The Red Sox cowardly walked Aaron Judge on 4 straight balls and Yankee Stadium let them hear it

The Boston Red Sox are effectively out of the playoff race. They have nothing to play for, but by watching Michael Wacha’s first-inning approach to Aaron Judge, the Red Sox seemed determined to avoid their place in a historical highlight reel.

Judge, as most know, went into Thursday night’s game tied with Babe Ruth at 60 home runs on the season. He’s one home run away from Roger Maris’ American League record of 61. And Yankee Stadium was absolutely juiced to watch that historical pursuit unfold on Thursday.

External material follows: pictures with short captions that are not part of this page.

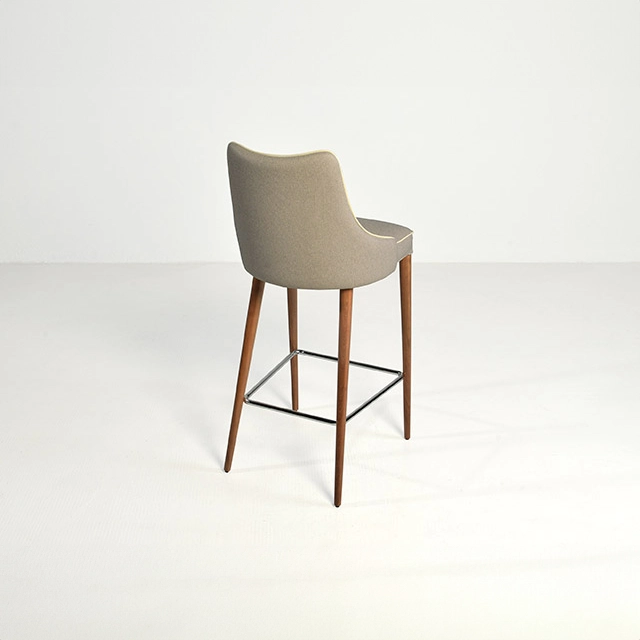 Banqueta 542 2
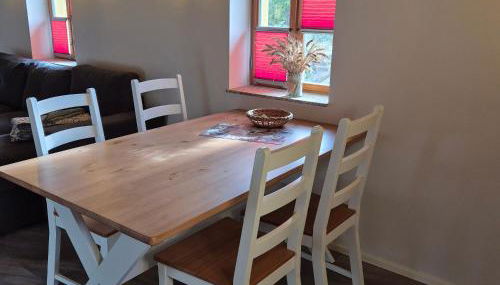 Ferienwohnung Scheibe - Foto 4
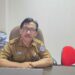 Menakar Efektivitas Program Pengentasan Kemiskinan, Bapperida Bontang Rutin Lakukan Evaluasi Berkala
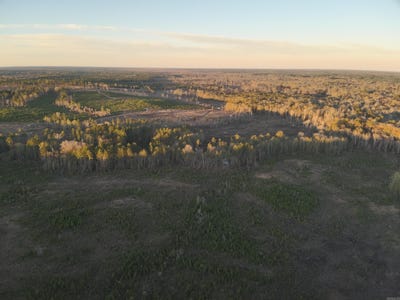 /international/us/26-27-32-33-34-us-hwy-278-banks-ar-110107543059/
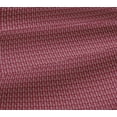 thumbnail image 5 of oneOone Viscose Jersey Fabric Check Kasuri Printed Craft Fabric BTY 60 Inch Wide, 5 of 5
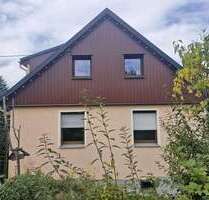 Haus zum Kaufen in Sehma 74.000,00 € 97 m²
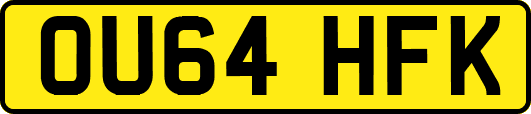 OU64HFK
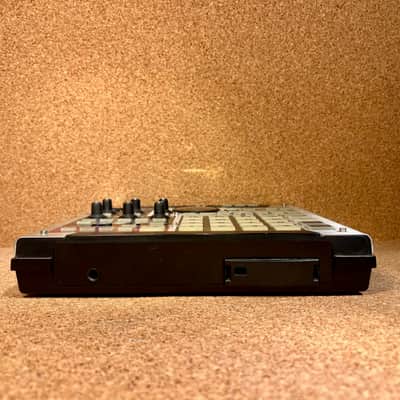 Roland SP-555 Sampler – Serviced – Warranty image 4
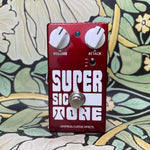 Lovepedal Super Sic Tone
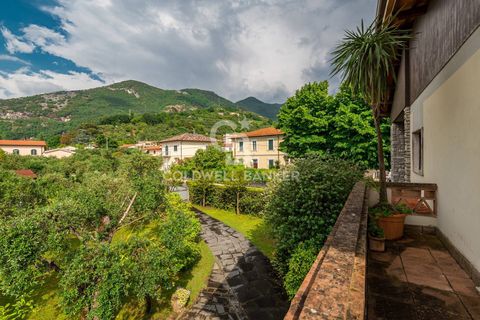 Villa a Pietrasanta, Lucca, Pietrasanta - € 750.000 | Ref: CBI129-1593-130103 - foto 24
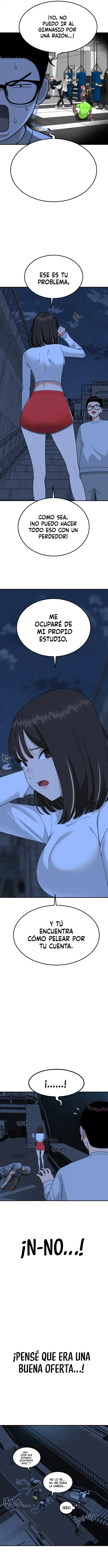 Capitulo 2 page 4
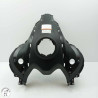 Couvre réservoir centrale  CF moto 800 mt 2025 - Cassetom - Nos pieces motos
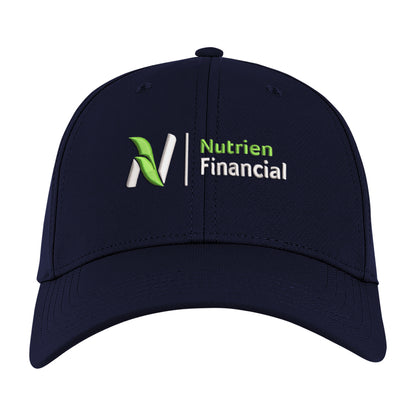 Ahead Stratus Performance Cap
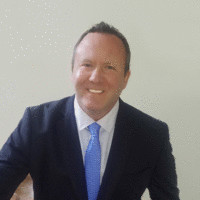 Scot R Lee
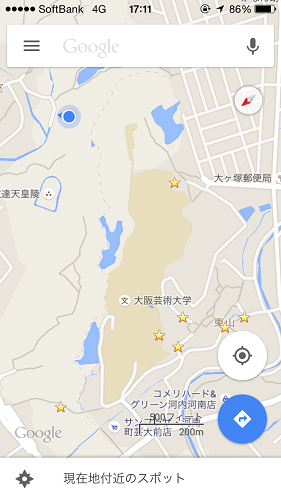 第7回大学探索レポートの掲載資料 17（17.PNG）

That was until Wacha and the Red Sox walked Judge on four straight balls in the opening at-bat — with no pitch even coming close to sniffing the zone.

Cowards!

With each ball in the at-bat, the Yankee Stadium crowd booed even louder. And they were right to do so.

Like, I get that no pitcher wants to see a home run they gave up looped throughout baseball history. But at the same time, you need to be competitive as a professional athlete. Wacha’s job is to get hitters out (or at least try to), so him starting a game with a four-pitch walk was telling. He wasn’t missing his spots — he was deliberately avoiding a chance to compete against Judge out of fear and pettiness.

On top of that, Wacha has been dominant in past matchups with Judge.

It doesn’t get much lamer than that. Just ask other baseball fans.

This was how Twitter reacted

This can’t continue all weekend. Someone needs to pitch to him.